:: WHAT IS EXPECTED ::
Print the lines exactly. Start at the first line of the material below, end with the line that contains "Hey, my name", and skip all pictures.

:: SOURCE DATA ::

- - - - -

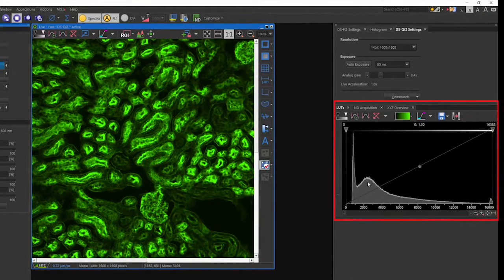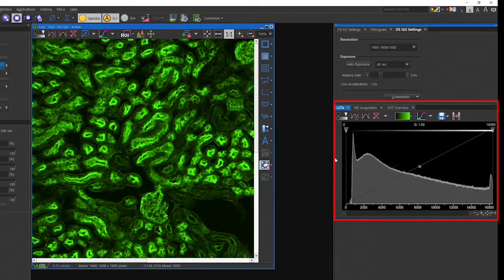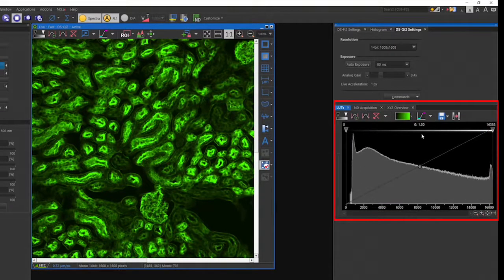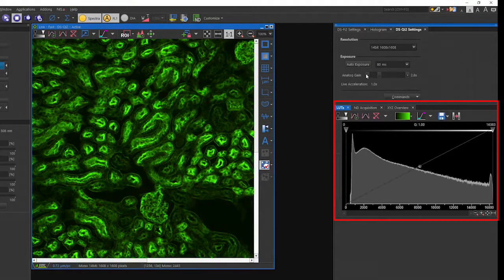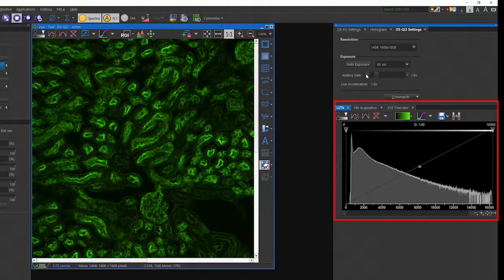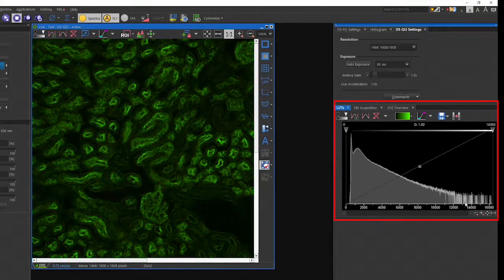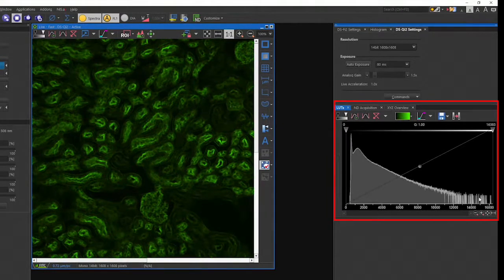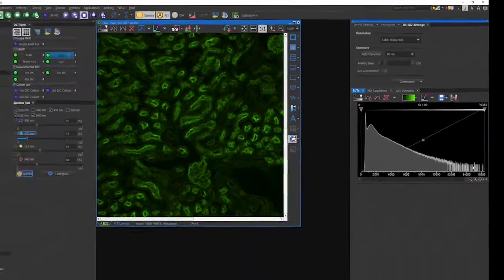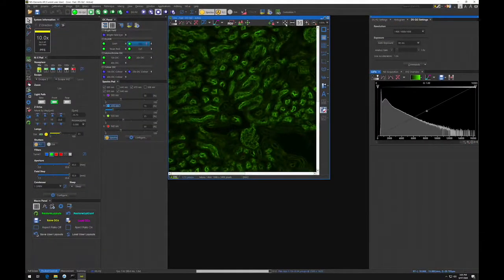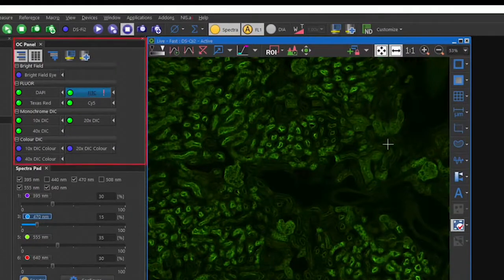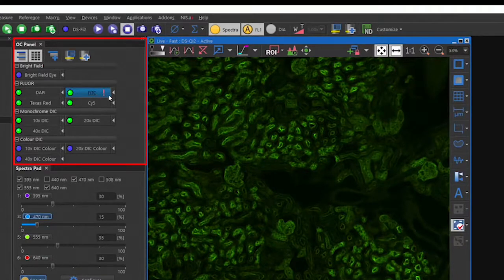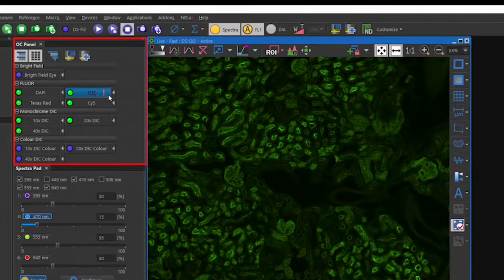Use the lookup table to help determine when you have found optimal settings. You don't want any saturated pixels. This may be easier to see by sliding the slider next to the lookup table to change from a linear to a log scale view of the histogram. Once you have optimized your settings, you will see a red exclamation point on the FITC OC indicating settings have been changed. Press the arrow next to the OC to save them into that OC.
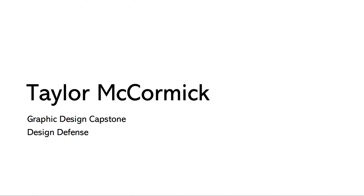Hey, my name is Taylor McCormick. I'm a graphic design major at the University of Tampa and this is my design defense for my capstone project.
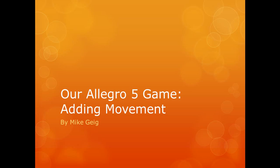Hello everybody, my name is Mike Geig and in this video we are going to be looking at adding movement and timing to the game project we began in our previous video.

- - - - -

:: WRITTEN ANSWER ::
Use the lookup table to help determine when you have found optimal settings. You don't want any saturated pixels. This may be easier to see by sliding the slider next to the lookup table to change from a linear to a log scale view of the histogram. Once you have optimized your settings, you will see a red exclamation point on the FITC OC indicating settings have been changed. Press the arrow next to the OC to save them into that OC.
Hey, my name is Taylor McCormick. I'm a graphic design major at the University of Tampa and this is my design defense for my capstone project.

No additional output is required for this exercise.